Ronnie Sandison brought it into the UK in 1952 and pioneered the psychotherapeutic treatment of mental “illnesses” at a Gloucestershire hospital using it, calling it psycholytic therapy. The following year Francis Crick supposedly gained enough insight from taking it at Cambridge to discern the double helix shape of DNA. How far has LSD traveled across the genes, neurons, minds, imaginations, songs, tongues, tastes, fashions, passions, protests, peace marches, parties, happenings, discoveries, ideas and cultural changes of Britain in the last 58 years? Come and take a trip down memory lane, and (turn on, tune in and) find out.
The Ecology, Cosmos and Consciousness lecture series, in association with the Scientific and Medical Network presents:
LSD in Britain: A Cultural History
Tuesday, 26th January, 2010
October Gallery, 24 Old Gloucester Street, London, WC1N 3AL
(Tel: 44 (0)20 7831 1618). – email: rentals “at”octobergallery.co.uk
RSVP so that we can anticipate numbers – Please book in advance by credit card to guarantee a place or pay on the door.
Entry £7 /£5 Concessions, Arrive 6pm for a 6:30pm Start - Wine available
Andy's book, Albion Dreaming: A popular history of LSD in Britain (Marshall Cavendish, 2008) was born from a desire to chronicle the history of this intriguing drug.
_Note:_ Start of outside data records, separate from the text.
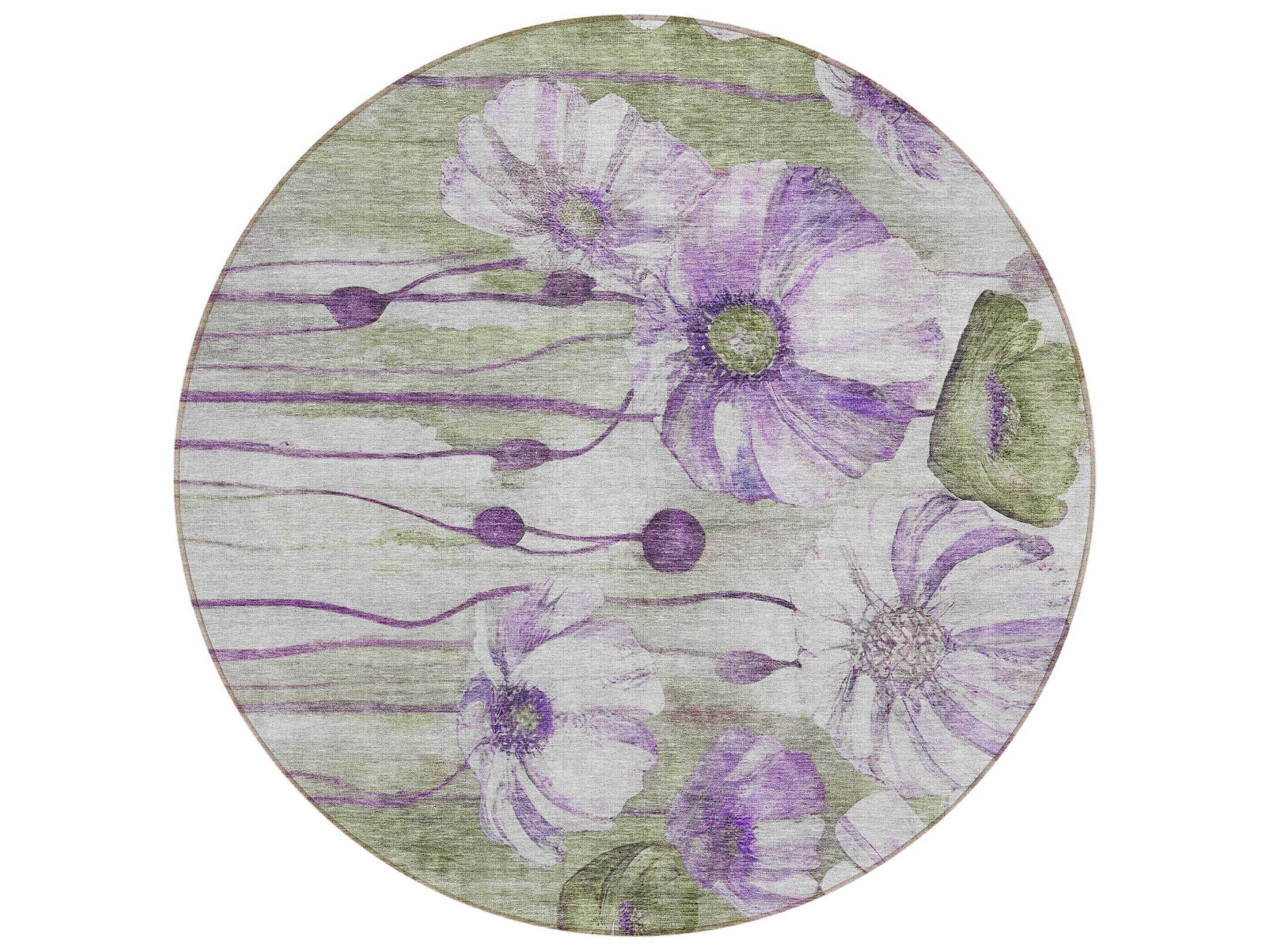 Dalyn Chantille Floral Runner Area Rug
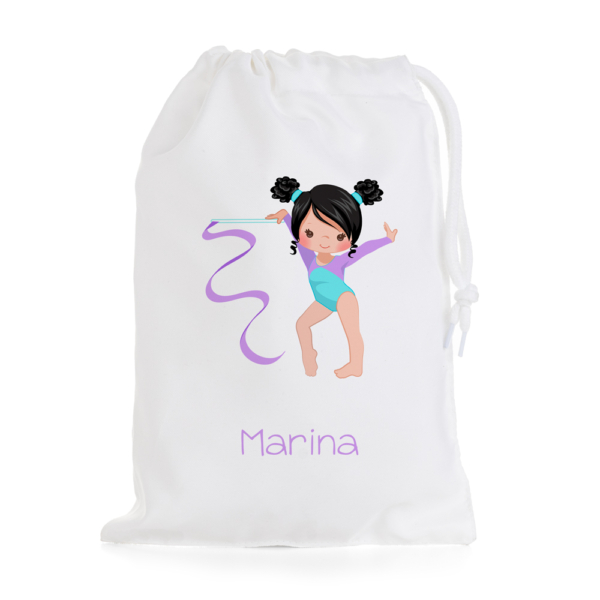 BOLSA DE MERIENDA GIMNASIA RÍTMICA CINTA - Imagen 2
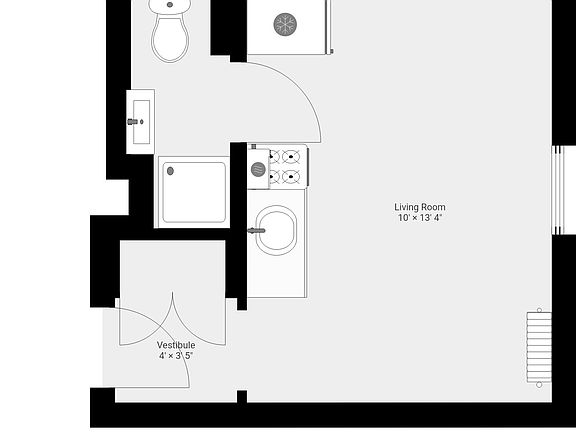 2nd image of 230 W 99th St APT 1S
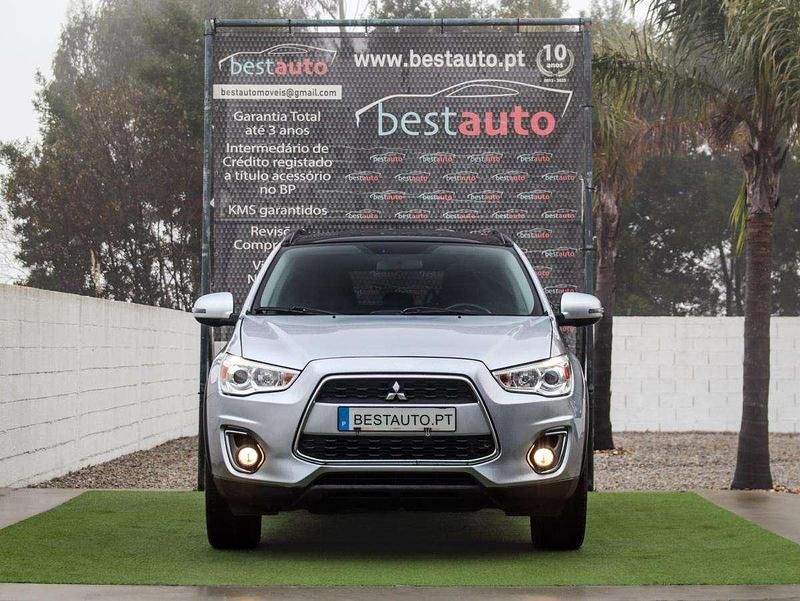 Cinza Usado 2016 Mitsubishi ASX SUV | € 12.999 (Bom preço) - Imagem 1/4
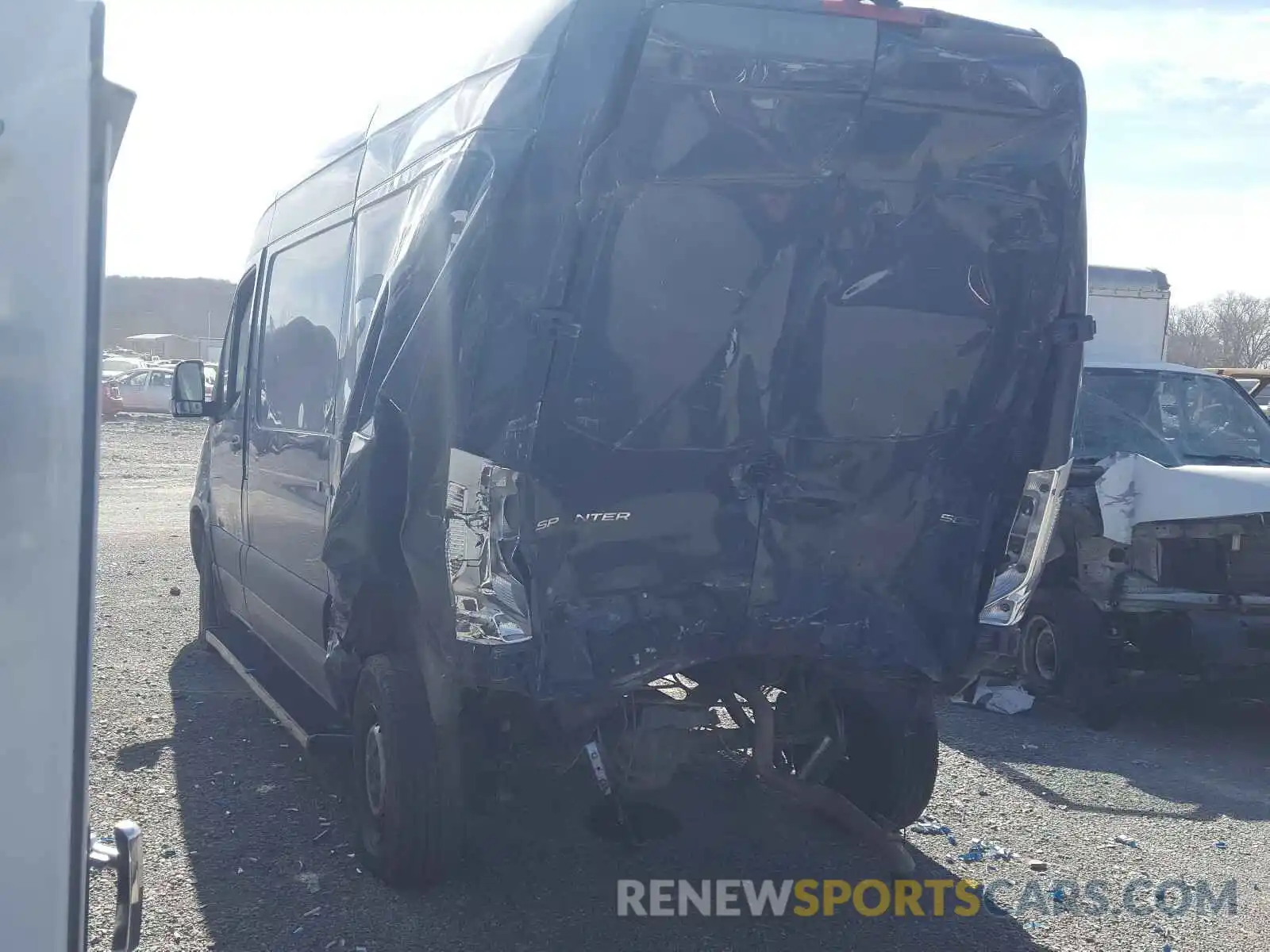 3 Photograph of a damaged car WD4PF0CD7KP048509 MERCEDES-BENZ SPRINTER 2019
Andy's talk, illustrated by powerpoint and DVD takes you on a history picnic to sample everything from the drug's arrival on these shores in 1952, through the medical and military experiments, the counterculture, to the sad death of Albert Hofmann. It is probably the only talk on LSD in which you'll hear the words of the Reverend Ian Paisley.
Andy Roberts is the author of several books on folklore, UFOs, cryptozoology and popular culture. His overall interest is in the strangeness of the multiverse and what and why people choose to believe. Besides his books Andy has written for numerous magazines including Fortean Times, where he currently co-writes a monthly sceptical UFO column. His magazine articles have dealt with cults, the Grateful Dead and telepathy, the search for the Death Ray and a great deal of other weirdness. He once edited an Incredible String Band fanzine and is really quite obsessive about the Grateful Dead.
His interest in LSD stems from his first acid trip in 1971 when the ultimate force of evil foretold the future to him. He's still waiting for that particular future to manifest but followed the Prince of Darkness' strange invitation into the labyrinth of 1970s counter culture to see what he could find.